Hence, establishing strong, authentic relationships with your employees in which they feel highly valued is of the utmost importance.
Making it clear that you understand your employees’ daily impact can be achieved in a number of ways. Whether it be spending time on 1:1 meetings, creating a board to show potential for career advancement, or a simple “Good job :)” on Slack, it goes a long way.
So once your team members are on board be sure to nurture their progress and let them know their work is appreciated.
4. Keep your team engaged with your company culture
When it comes to ideas for employee retention, keeping your team engaged is arguably one of the most important strategies. How do you do that? By creating a company culture that makes employees feel welcomed, valued, and motivated.
A positive work environment is conducive to better performance, job engagement, and as a result, improved employee retention.
Whilst there is a definite shift, led by startups, in the right direction for company culture, it remains a retention issue.
According to a survey of 2,000 employees, 43% said they were looking for a new job, listing company culture as the reason.
So when you’re establishing your employees’ work environment, be sure to make it engaging and true to your company values.
5. Promote a natural work-life balance
A healthy work-life balance is an essential ingredient in keeping your employees around. You can’t expect your team to be happy if they are overworked or feel that their personal lives are being neglected.
In fact, a study conducted by Kronos found that 95% of HR leaders agree that employee burnouts are directly affecting workforce retention.
This is especially true in customer service whereby long hours, night shifts and remote work can take a large toll on an employee’s motivation.
So make sure to offer flexible work hours, appropriate vacations, and communicate to your team that you promote a healthy work-life balance.
6. Don’t forget rewards & incentives
Perhaps the most common answer to lowering employee turnover is the implementation of a rewards system. However, this doesn’t simply refer to traditional monetary incentives.
There has been a shift within customer support, towards more personalized, non-monetary reward styles. Perhaps a remote workday, a personalized gift, or a free day of leave.
A survey conducted amongst SMEs found that 90% of employees who receive a performance-based reward felt that they were truly valued. It is undeniable that incentivizing work is a strong catalyst for higher employee morale.
However, when you implement rewards be certain to avoid unhealthy competition between employees and go the extra mile to personalize each incentive.
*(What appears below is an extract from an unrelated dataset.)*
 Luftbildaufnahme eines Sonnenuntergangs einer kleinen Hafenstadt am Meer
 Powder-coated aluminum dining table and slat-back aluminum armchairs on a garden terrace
7. Enable two-way communication
Enabling a two-way connection between employees and management is the best way to understand where you need to improve to increase employee retention. Who knows what your employees want better than your employees?
Research shows that employees with high engagement levels are 87% less likely to leave a company than their disengaged peers. The key here is to ensure that your team is not only communicating with customers or one another. Otherwise, this establishes a ‘you vs them complex’.
To avoid this, open up communication channels that allow employees to openly or anonymously have their feedback heard and acted upon.
So when it comes to communication, make sure employees feel safe and heard. Your retention rate will thank you for it.